Controversy vs. competition (The Oregonian): The official slogan is "One World One Dream," which at the moment sounds like wishful thinking. The 2008 Olympic Games in Beijing are shaping up as the most controversial since the end of the Cold War, when the United States and the Soviet Union traded boycotts in 1980 and 1984. …"I think the Chinese were hoping for a kind of coming-out party, for the world to recognize how prosperous they had become, how far advanced they are," said University of Oregon political science professor Richard Kraus, who has written extensively on Chinese politics and culture.
These athletes are worth rooting for (Chicago Tribune): Sello Maduma comes from one of the black townships of Pretoria, South Africa, a place called Mamelodi where most children live in a world circumscribed by decades of racial segregation and poverty. "Not many people expect someone from the townships to be on the Olympic team," Maduma said.…"The Olympics tend to mint a different hero in the one you least expect," said Paul Swangard, director of the Warsaw Sports Marketing Center at the University of Oregon business school. "The magic of the Games is that there is a Rulon Gardner, a Mary Lou Retton or a Billy Mills waiting in the wings."
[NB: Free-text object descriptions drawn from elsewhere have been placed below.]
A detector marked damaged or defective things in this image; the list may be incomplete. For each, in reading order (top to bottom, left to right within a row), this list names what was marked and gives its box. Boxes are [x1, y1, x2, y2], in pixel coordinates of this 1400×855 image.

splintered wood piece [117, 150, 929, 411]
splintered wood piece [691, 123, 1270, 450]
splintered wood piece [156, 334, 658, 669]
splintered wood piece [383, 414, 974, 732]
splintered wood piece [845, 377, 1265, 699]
Malls join with emerging companies to find best fit (Register-Guard): Newlyweds Colin and Ying Rodman had both an opportunity and a dilemma. Ying Rodman -- originally from the city of Tianjin, in mainland China -- had family connections to an exclusive line of handbags manufactured in China, as well as other goods ranging from silver jewelry to silk pillow covers. … As it turns out, a growing segment of the lease market at shopping centers nationwide is designed to accommodate would-be retailers such as the Rodmans. So-called “specialty leasing” programs offer short-term, discounted leases on storefronts that otherwise would stand vacant. … Rhonda Stoltz, chief financial officer of the University of Oregon Bookstore, says the Duck Store began in the early 2000s as a kiosk concept. Its leases for the first couple of years ran only through the football and Christmas seasons -- with the provision to stay on through January if the UO football team went to a bowl game.
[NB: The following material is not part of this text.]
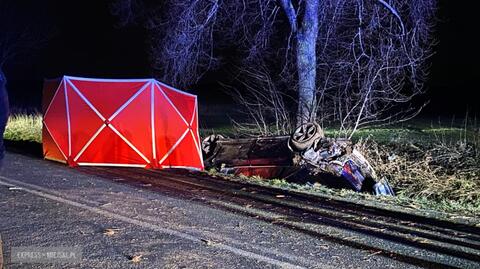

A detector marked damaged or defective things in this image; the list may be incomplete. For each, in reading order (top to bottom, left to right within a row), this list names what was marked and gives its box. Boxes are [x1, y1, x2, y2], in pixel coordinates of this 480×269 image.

overturned car [202, 122, 394, 195]
wrecked car body [202, 122, 394, 195]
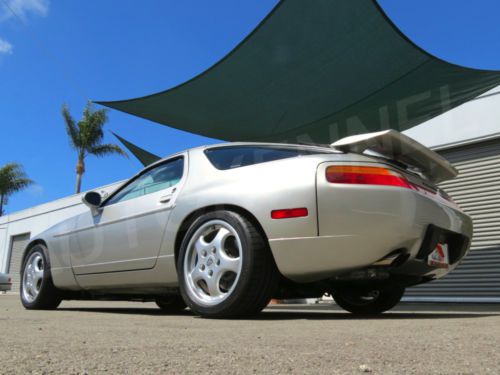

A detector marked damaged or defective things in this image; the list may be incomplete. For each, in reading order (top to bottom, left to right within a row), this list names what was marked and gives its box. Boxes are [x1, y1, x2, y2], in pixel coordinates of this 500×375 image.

cracked asphalt [0, 296, 498, 374]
Patients turn to advocates for help navigating the medical system (Associated Press, appearing in Chicago's Daily Herald): After three surgeries, Judy Sherer still had chronic pain in her left shoulder. She'd lost faith in her doctors, and in despair tried a new health benefit offered by her employer. The service, Health Advocate, is a call-in center that helps customers find the right doctor, haggle over insurance coverage and manage other medical system headaches. … More than ever, people need help negotiating the medical system, said Jessica Greene, a University of Oregon health policy analyst.